Objectives: To use statistical procedures, operationalising what is known as item response theory (IRT), to assess the unidimensionality of the 40 item Amyotrophic Lateral Sclerosis Assessment Questionnaire, and consequently to develop a single index figure from the measure. A secondary objective is to compare scores gained on the ALSAQ-40 with a five item short form (the ALSAQ-5).
Methods: Postal survey of patients diagnosed with motor neurone disease (MND) on the MND Associations database. Copies of the ALSAQ-40 and, nested within it, the ALSAQ-5 were completed on two occasions. At time one, the survey contained the ALSAQ-40 and demographic questions. In addition, patients were asked to indicate if they were willing to take part in the follow up. Those who agreed to do so were sent another copy of the questionnaire after a period of three months. Respondents were also asked to indicate how much change they had experienced since baseline on each of the five domains of the questionnaire. Rasch analysis, a form of IRT methodology, was used to determine if the 40 items in the ALSAQ-40 tapped an underlying “latent trait”, and were consequently measuring a unidimensional construct. The results from the ALSAQ-40 single index were then compared with those gained from the ALSAQ-5.
Results: Analyses indicated that, at both baseline and follow up, all items on the ALSAQ-40 fitted the Rasch model. Consequently the 40 items were summed to create a single index. Results on this instrument were compared with those gained by summing the five items of the ALSAQ-5. Results on the instruments were found to be highly correlated.
Conclusions: Evidence from the analyses suggests that 40 item ALSAQ does contain a unidimensional scale, and can, therefore be summed to create a single index. Furthermore the ALSAQ-5 closely replicates the results of the patient measure.

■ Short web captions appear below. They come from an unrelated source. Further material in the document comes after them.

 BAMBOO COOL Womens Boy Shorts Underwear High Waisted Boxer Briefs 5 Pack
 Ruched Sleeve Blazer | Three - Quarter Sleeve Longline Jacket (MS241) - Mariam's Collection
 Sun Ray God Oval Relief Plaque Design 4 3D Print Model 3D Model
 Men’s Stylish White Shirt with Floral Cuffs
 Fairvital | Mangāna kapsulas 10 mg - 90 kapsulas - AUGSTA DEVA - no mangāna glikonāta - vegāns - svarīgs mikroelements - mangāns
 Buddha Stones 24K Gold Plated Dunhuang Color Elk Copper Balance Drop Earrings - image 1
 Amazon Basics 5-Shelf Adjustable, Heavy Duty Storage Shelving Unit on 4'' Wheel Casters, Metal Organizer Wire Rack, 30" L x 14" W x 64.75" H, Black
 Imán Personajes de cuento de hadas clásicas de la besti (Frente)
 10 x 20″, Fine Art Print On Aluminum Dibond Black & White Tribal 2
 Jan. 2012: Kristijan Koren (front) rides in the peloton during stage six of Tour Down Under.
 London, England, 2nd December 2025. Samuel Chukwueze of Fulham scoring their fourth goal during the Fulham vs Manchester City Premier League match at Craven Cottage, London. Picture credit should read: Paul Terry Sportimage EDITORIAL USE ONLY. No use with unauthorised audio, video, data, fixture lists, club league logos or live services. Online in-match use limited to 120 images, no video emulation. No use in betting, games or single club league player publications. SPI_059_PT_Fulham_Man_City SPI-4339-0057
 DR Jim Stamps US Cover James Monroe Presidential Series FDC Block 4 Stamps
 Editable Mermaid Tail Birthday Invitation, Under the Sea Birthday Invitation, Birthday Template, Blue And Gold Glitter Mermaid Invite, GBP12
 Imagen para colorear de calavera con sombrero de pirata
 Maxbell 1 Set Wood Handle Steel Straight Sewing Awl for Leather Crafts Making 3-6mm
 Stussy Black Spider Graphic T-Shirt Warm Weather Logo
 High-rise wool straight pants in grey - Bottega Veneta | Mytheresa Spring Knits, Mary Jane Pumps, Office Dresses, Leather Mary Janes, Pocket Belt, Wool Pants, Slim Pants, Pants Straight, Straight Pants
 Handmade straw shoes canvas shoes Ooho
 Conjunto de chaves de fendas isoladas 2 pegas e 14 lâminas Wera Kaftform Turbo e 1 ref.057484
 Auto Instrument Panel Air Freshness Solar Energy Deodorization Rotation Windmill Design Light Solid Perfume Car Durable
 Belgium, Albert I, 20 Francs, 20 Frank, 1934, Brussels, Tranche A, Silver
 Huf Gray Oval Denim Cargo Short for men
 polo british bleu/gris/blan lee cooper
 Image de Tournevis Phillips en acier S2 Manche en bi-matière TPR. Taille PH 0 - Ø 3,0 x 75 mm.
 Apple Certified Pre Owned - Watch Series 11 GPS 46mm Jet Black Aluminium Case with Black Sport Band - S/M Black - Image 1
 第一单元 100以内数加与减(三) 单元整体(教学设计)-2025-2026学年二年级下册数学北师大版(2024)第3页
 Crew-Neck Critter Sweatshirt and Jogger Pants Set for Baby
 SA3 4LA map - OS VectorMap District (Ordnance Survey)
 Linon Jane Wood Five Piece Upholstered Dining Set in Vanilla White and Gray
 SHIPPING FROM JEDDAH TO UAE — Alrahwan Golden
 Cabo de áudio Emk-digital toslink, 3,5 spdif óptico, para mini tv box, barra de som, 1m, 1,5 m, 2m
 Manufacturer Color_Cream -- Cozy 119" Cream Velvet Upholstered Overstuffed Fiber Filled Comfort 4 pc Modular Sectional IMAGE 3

- Amyotrophic Lateral Sclerosis Assessment Questionnaire
- Rasch analysis
- item response theory
- MND, motor neurone disease
- IRT, item response theory
- ALS, amyotrophic lateral sclerosis
Statistics from Altmetric.com
- Amyotrophic Lateral Sclerosis Assessment Questionnaire
- Rasch analysis
- item response theory
The 40 item Amyotrophic Lateral Sclerosis Assessment Questionnaire (ALSAQ-40) is an instrument designed to evaluate aspects of health considered important by patients.1 It was designed on the basis of interviews and large scale surveys of patients diagnosed with ALS and other motor neurone diseases (MND).2,3 In its original conception the measure was designed to assess disparate aspects of health that may be adversely affected by MND, and to this end five dimension scores can be calculated. However, it has been suggested that the reduction of the number of dimensions on a health status measure reduces the number of statistical comparisons and consequently reduces the role of chance in testing hypotheses relating to health outcomes.4 Furthermore, it has been claimed that the global impact of serious neurodegenerative diseases may mean that a single overall score is both meaningful and sensitive to change.5 In the field of rehabilitation medicine a statistical technique called Rasch analyses has been used to determine unidimensionality, which indicates that summing items to a single index is meaningful, on a number of measures.6–,9 Consequently, Rasch analysis, a statistical technique belonging to a family of such procedures known as item response theory (IRT), is used here to determine that the items on the ALSAQ-40 are tapping what is effectively a unidimensional concept, and consequently that responses to all the questions can be summed to create a single score.10,11
IRT methodology has as its core assumption that any item will pose differing degrees of difficulty to different people in any given population. Furthermore, different items pose differing degrees of difficulty. These basic claims lead to two assumptions. Firstly, that the items constitute a hierarchy on a unidimensional concept (or so called “latent trait”) and secondly that reproducibility of the item hierarchy can be achieved across test occasions, or administrations.10,12 If these two assumptions are satisfied then it is reasonable to assume that items can be summed to produce a single index which measures, broadly, a single, unified unidimensional construct or phenomenon.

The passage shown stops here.